There's action on a couple of fronts.
Broadcasters and advertisers acknowledge the complaints and say they want to fix the problem voluntarily. Their solution would be to have a commercial "loud enough that a reasonable person can hear it, but not so loud you can hear it in Mongolia," said Dan Jaffe, the executive vice president for government relations of the New York-based Association of National Advertisers. "Our members don't want to offend viewers."
But Congress also is listening to complaints, and is considering legislation that would limit ad volumes to the average decibels of the TV show during which they appear. The House Subcommittee on Communications, Technology and the Internet held a hearing on the bill earlier this month. The bill is named the Commercial Advertisement Loudness Mitigation Act, or CALM.
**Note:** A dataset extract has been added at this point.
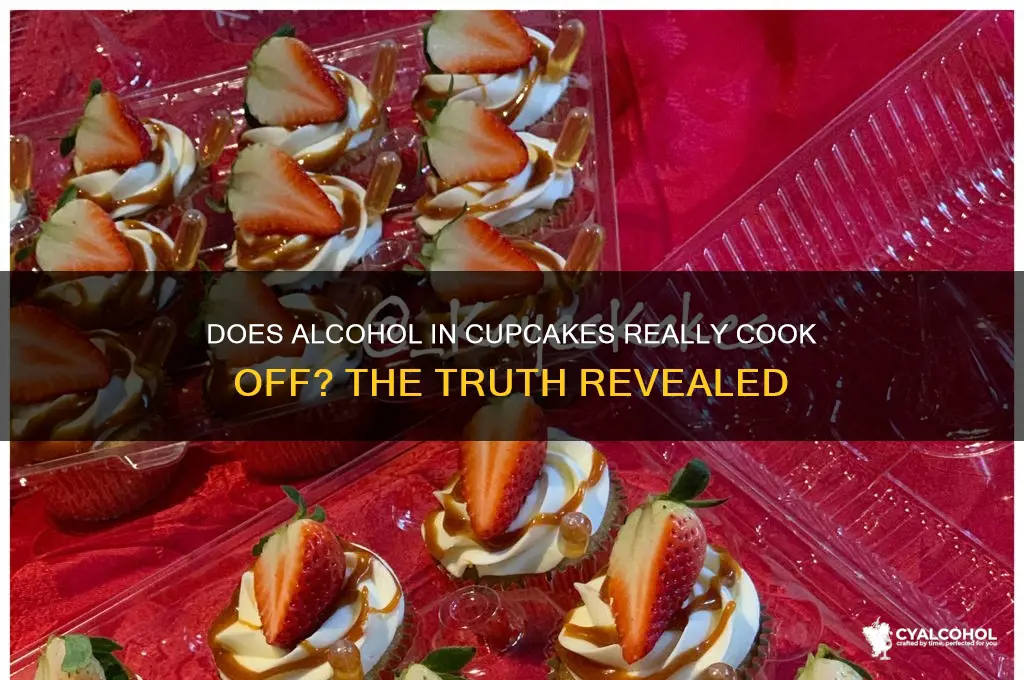 does alcohol in cupcakes cook off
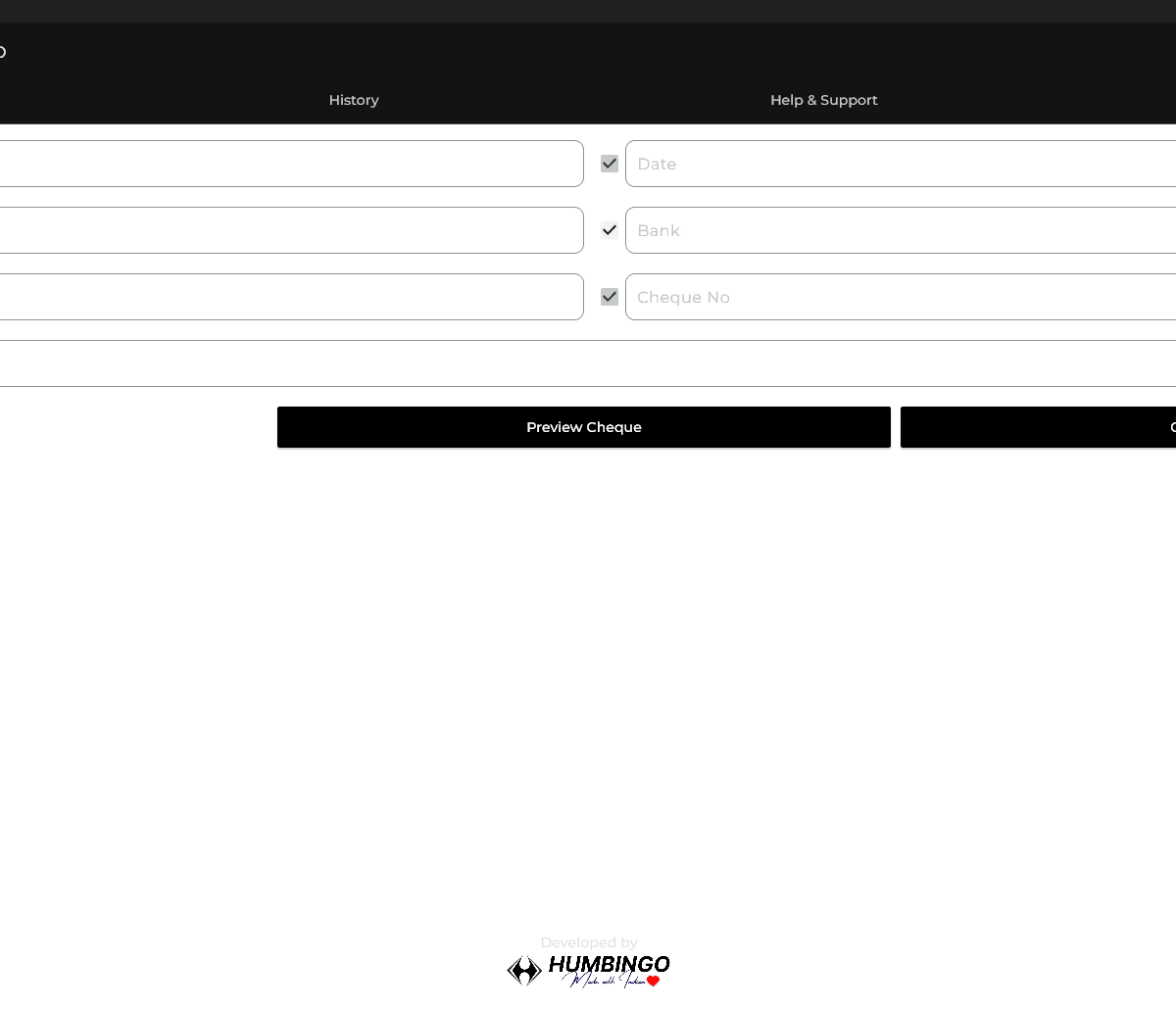Cheque Printing Software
The bill sponsor, Rep. Anna Eshoo, D-Calif., knows it isn't as high a priority as, say, health care or war funding, but she's confident that it will pass.
And while there was a companion bill in the Senate last year, the author, Sen. Roger Wicker, R-Miss., said he would not reintroduce it this year because he's working with broadcasters to lower the volume voluntarily.
An aide to Wicker, Jahan Wilcox, said: "The senator is monitoring the progress being made and will consider reintroducing legislation if the industry cannot fix the problem on its own."
Gauging ball speed
How does a radar gun determine the speed of a pitched baseball? How do they time tennis ball serve speeds? Without any metal to pick up in baseballs or tennis balls, what do the guns measure? Is it a Doppler device?
Radar is a radio signal that comes out of the gun, hits an object such as a baseball or a tennis ball and bounces back to the gun. When it returns to the gun, the frequency after hitting the moving object is different from when the radar originally leaves the gun. The gun calculates the change in frequency, and that difference, known as the "Doppler" shift, is translated to the velocity of the moving object.
That's how a radar gun determines that a pitch by Matt Garza, for example, traveled 94 miles per hour, or a serve by Andy Roddick whipped past his opponent at 125 mph.
A moving object doesn't need to contain metal for a radar gun to calculate its velocity — even objects as penetrable as storm clouds can be detected by radar, as you can see in many weather maps.
Thus, radar guns and velocity readings have become a familiar part of popular sports such as baseball and tennis.